A tipicidade conglobante foi primeiramente proposta por Eugenio Raul Zaffaroni e José Henrique Pierangieli, porém hoje é objeto de estudo de grande parte da doutrina.
Em sua obra “Manual de Direito Penal Brasileiro”, Zaffaroni e Pierangieli primeiramente se dedicam a explicar o que é a antinormatividade, dizem que esta é dada pela “[...] conduta que se adequa a um tipo penal será, necessariamente, contrária à norma que está anteposta ao tipo legal e afetará o bem jurídico tutelado.”, ou seja, a conduta adequada ao tipo penal será contrária ao que a norma estipula, afetando um bem jurídico, seja este a vida humana, o patrimônio, etc. Sendo assim, pelo fato de a conduta ser penalmente típica ela necessariamente também será antinormativa.

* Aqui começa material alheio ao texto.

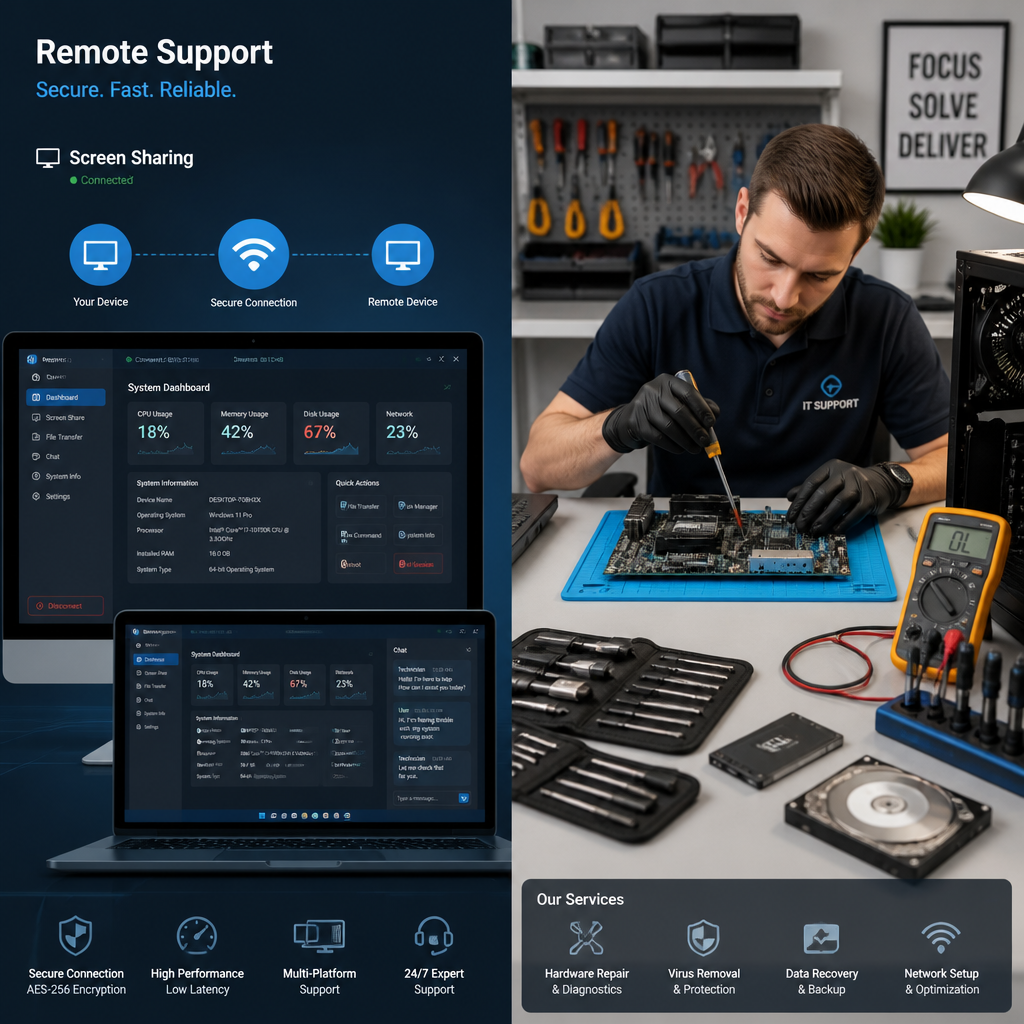 Split-screen comparison of remote IT support dashboard versus physical technician workspace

Os autores concluem tal tópico com a seguinte afirmação: “Tipicidade legal e tipicidade penal são a mesma coisa: a tipicidade penal pressupõe a legal, mas não a esgota; a tipicidade penal requer, além da tipicidade penal, a antinormatividade.”, portanto a tipicidade legal esta englobada na tipicidade penal, porém não é sua única componente, para formá-la deve unir-se a antinormatividade.

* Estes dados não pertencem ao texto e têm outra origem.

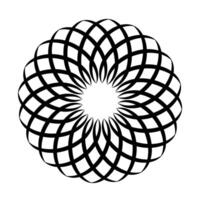 Black round abstract pattern on white background vector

Após tal exposição começam a tratar da tipicidade conglobante propriamente dita. O exemplo dado é o de um oficial de justiça que recebeu uma ordem judicial de penhora e sequestro de um quadro, para tanto segue todos os preceitos legais e efetivamente sequestra a obra, colocando-a a disposição do juízo (tal conduta se enquadra no art. 23, III, do CP), aqui não existe crime pois tal conduta é antinormativa e não se pode permitir que no ordenamento jurídico uma norma ordene o que outra proíbe.
Logo conclui-se que quando se faz um juízo de tipicidade não se trata apenas da tipicidade legal em si, mas também da tipicidade conglobante, esta que consiste na averiguação da proibição através da indagação do alcance proibitivo da norma, considerada como parte integrante da ordem normativa. A tipicidade conglobante surge como um meio de correção à tipicidade legal, uma vez que pode excluir do âmbito típico aquelas condutas que apenas aparentemente estão proibidas.

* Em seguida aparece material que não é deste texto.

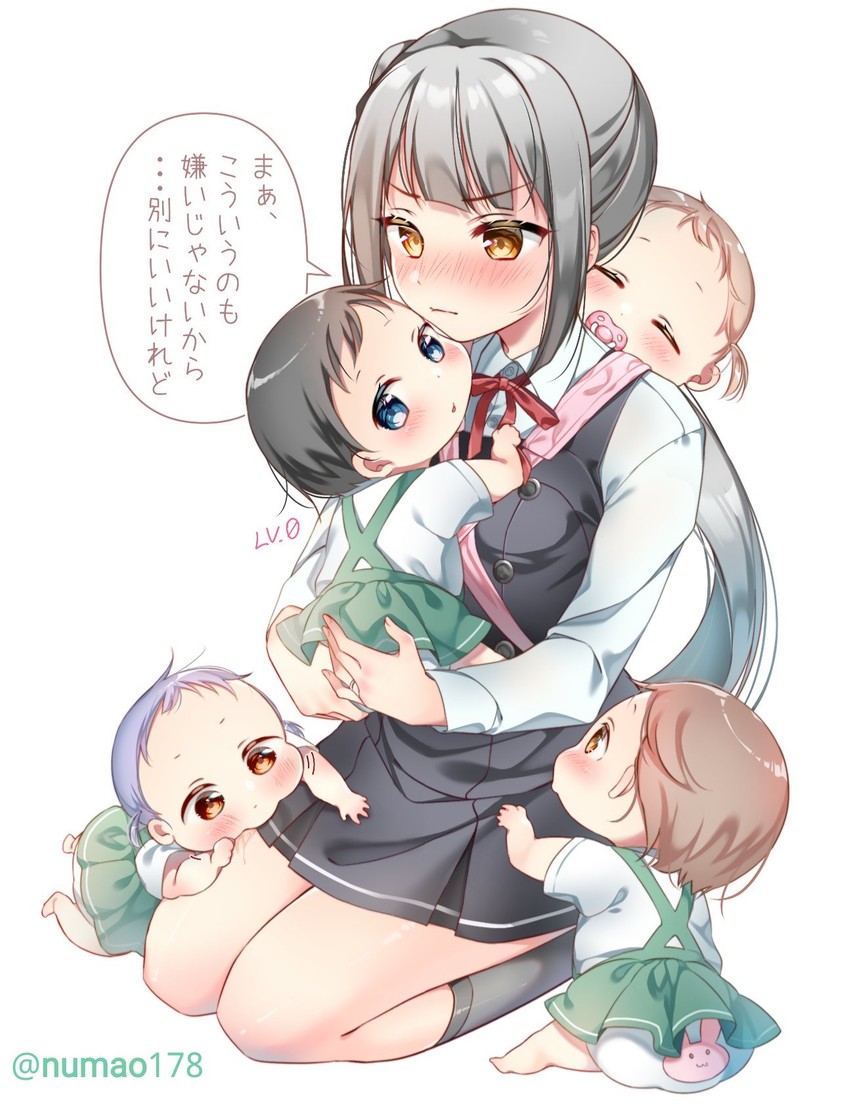 asashio, kasumi, michishio, kasumi kai ni, arashio, and 1 more (kantai collection) drawn by numao178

A conclusão final é que a tipicidade penal é formada pela união da tipicidade formal (individualização que a lei faz da conduta, mediante o conjunto dos elementos descritivos e normativos de que se vale o tipo legal) com a tipicidade conglobante (comprovação de que a conduta legalmente típica está também proibida pela norma, o que se obtém desentranhando o alcance da norma proibitiva conglobada com as restantes normas da ordem normativa).
Outro autor que tratou do tema foi Rogério Greco em sua obra “Curso de Direito Penal: Parte Geral”. Antes de tudo, este autor lembra que a tipicidade é parte integrante do fato típico, sendo ela o último elemento deste que deve ser analisado, os outros são: conduta, resultado e nexo causal.
Para explicar o que é tipicidade faz uso da explicação de Muñoz Conde: “é a adequação de um fato cometido à descrição que dele se faz na lei penal. Por imperativo do princípio da legalidade, em sua vertente do nullum crimen sine lege, só os fatos tipificados na lei penal como delitos podem ser considerados como tal”, sendo assim só se pode punir um crime que tenha um abarco na legislação anterior à prática do ato analisado.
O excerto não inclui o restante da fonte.